Deploying a Ranking model on Triton Inference Server#

The last step of ML pipeline is to deploy the trained model into production. For this purpose we use NVIDIA Triton Inference Server, which is an open-source inference serving software, standardizes AI model deployment and execution and delivers fast and scalable AI in production.

Merlin Systems library is designed for building pipelines to generate recommendations. Deploying pipelines on Triton is one part of the library’s functionality and Merlin Systems provides easy to use APIs to be able to export ensemble graph and model artifacts so that they can be loaded on Triton with less effort.

In this example we demonstrate the necessary steps to deploy a model to Triton and test it:

Creating the ensemble graph
Launching the Triton Inference Server
Sending request to Server and receiving the response

Creating the Ensemble Graph#

In order to do model deployment stage, you are required to complete preprocessing and ranking steps already from the Quick-start for Ranking. At the inference step, we might have a collection of multiple (individual) models to be deployed on Triton. In this example, we deploy our NVTabular workflow model to be able to transform raw data the same way as in the dataset preprocessing phase, in order to avoid the training-serving skew.
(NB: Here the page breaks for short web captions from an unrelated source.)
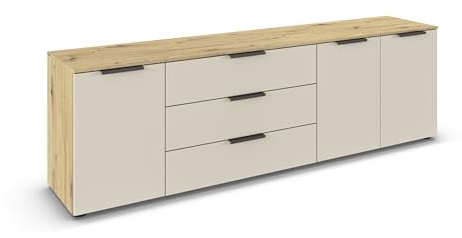 Rauch Möbel Flipp, Kommode, Farbe Beige/Eiche Artisan, Breite 199 cm | Sideboard, 3-türig, 3 Schubladen, Soft-Close-Funktion, für Schlafzimmer, Gästezimmer, Wohnzimmer, Garderobe, Flur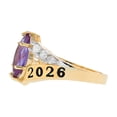 thumbnail image 3 of JackAni 10k Gold Simulated Alexandrite June Birthstone 2026 Class Graduation Ring - Size 8.75, 3 of 5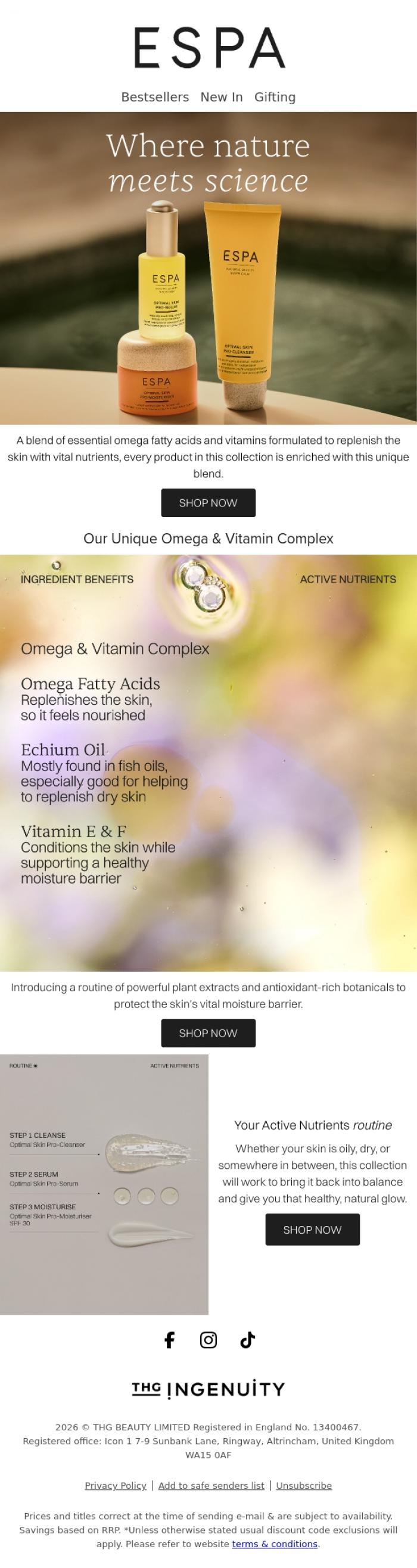 Email Design Inspiration from ESPA, The goal is simple: Naturally Powerful Results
In this context, deploying multiple models is called an ensemble model since it represents a pipeline of one or more models that are sequentially connected, i.e., output of a model is the input of next model. Ensemble models are intended to be used to encapsulate a procedure that involves multiple models, such as “data preprocessing -> inference -> data postprocessing”.

The Triton Inference Server serves models from one or more model repositories that are specified when the server is started. Each model must include a configuration that provides required and optional information about the model. Merlin Systems simplified that step, so that we can easily export ensemble graph config files and artifacts. We use Ensemble class for that, which is responsible for interpreting the graph and exporting the correct files for the Triton server.
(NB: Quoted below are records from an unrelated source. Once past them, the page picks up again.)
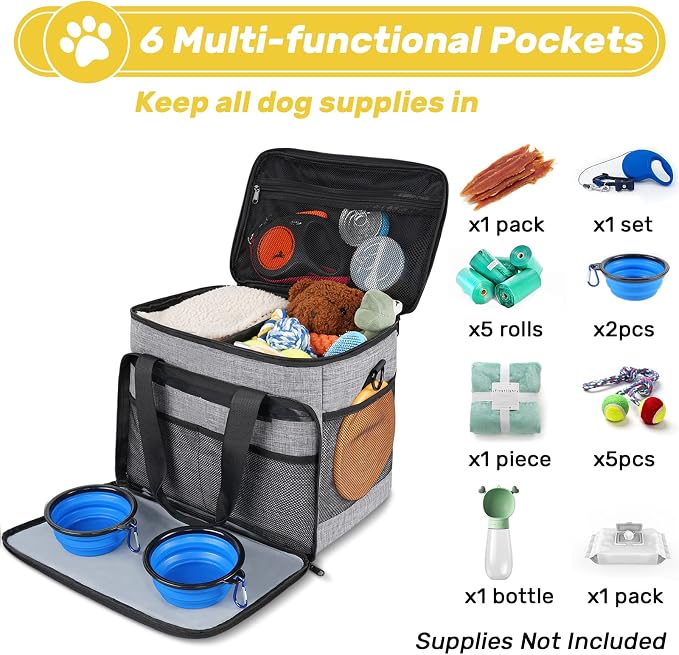 6 Set Dog Travel Bag, Large Pet Travel Kit for Supplies, Grey | Includes 2 Food Containers, 1 Pet Organizer for Dogs, 2 Collapsible Bowls, 1 Treat Pouch, Dog Weekend Overnight Bag Luggage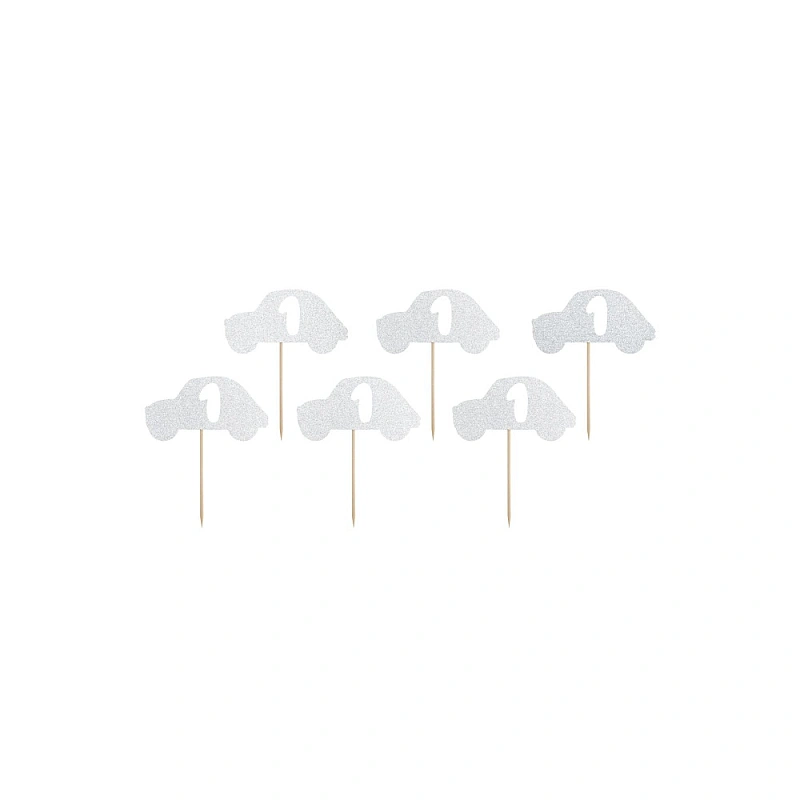 Set 6 buc Topper tort cifra 1 - SILVER CAR - Partydeco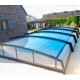 Low Pool Enclosure Telescopic Shelter Cyprus 8.37x4.50m without rail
Exporting an ensemble graph consists of the following steps:

loading saved workflow
loading saved ranking model
generating ensemble graph
exporting the ensemble graph models and artifacts

These steps are taken care of by inference.py script when executed (please see the Command line arguments section below for the instructions).

Launching Triton Inference Server#

Once the models ensemble graph is exported to the path that you define, now you can load these models on Triton Inference Server, which is actually only one single line of code.
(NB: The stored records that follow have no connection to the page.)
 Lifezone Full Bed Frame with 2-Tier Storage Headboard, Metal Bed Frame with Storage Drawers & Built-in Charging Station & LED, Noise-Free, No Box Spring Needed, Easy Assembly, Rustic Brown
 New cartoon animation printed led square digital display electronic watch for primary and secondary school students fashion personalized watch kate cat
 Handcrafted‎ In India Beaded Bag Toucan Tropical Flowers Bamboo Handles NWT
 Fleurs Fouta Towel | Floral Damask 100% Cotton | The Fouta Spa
You can start the server by running the following command:

tritonserver --model-repository=<path to the saved ensemble folder>

For the --model-repository argument, provide the same path of ensemble_export_path argument that you inputted previously when executing the inference.py script.

After you run the tritonserver command, wait until your terminal shows messages like the following example:

I0414 18:29:50.741833 4067 grpc_server.cc:4421] Started GRPCInferenceService at 0.0.0.0:8001 I0414 18:29:50.742197 4067 http_server.cc:3113] Started HTTPService at 0.0.0.0:8000 I0414 18:29:50.783470 4067 http_server.cc:178] Started Metrics Service at 0.0.0.0:8002 ,br>

Sending request to Triton#

This step is explained and demonstrated in the inference.ipynb example notebook. Please follow the instructions there and execute the cells to send a request and receive response from Triton.

Command line arguments#

In this section we describe the command line arguments of the inference.py script.

This is an example command line for running the inference.pyscript after your finished model preprocessing and ranking steps.

cd /Merlin/examples/quick_start/scripts/inference/
NVT_WORKFLOW_PATH=<input path with saved workflow>
TF_SAVED_MODEL_PATH=<input path with saved model>
OUTPUT_ENSEMBLE_PATH=<output path to export the Triton ensemble model>
TF_GPU_ALLOCATOR=cuda_malloc_async python inference.py --nvt_workflow_path $NVT_WORKFLOW_PATH --load_model_path $TF_SAVED_MODEL_PATH --ensemble_export_path $OUTPUT_ENSEMBLE_PATH

Note that preprocessing step saves the NVTabular workflow automatically to output_path that is set when executing preprocessing script. For the load_model_path argument, be sure that you provide the exact same path f that you provided for saving the trained model during ranking step.

Inputs#

  --nvt_workflow_path   
                        Loads the nvtabular workflow saved in the preprocessing step (`--output_path`).
  --load_model_path     
                        Loads a model saved by --save_model_path in the ranking step.
   --ensemble_export_path
                        Path for exporting the config files and model artifacts
                        to load them on Triton inference server.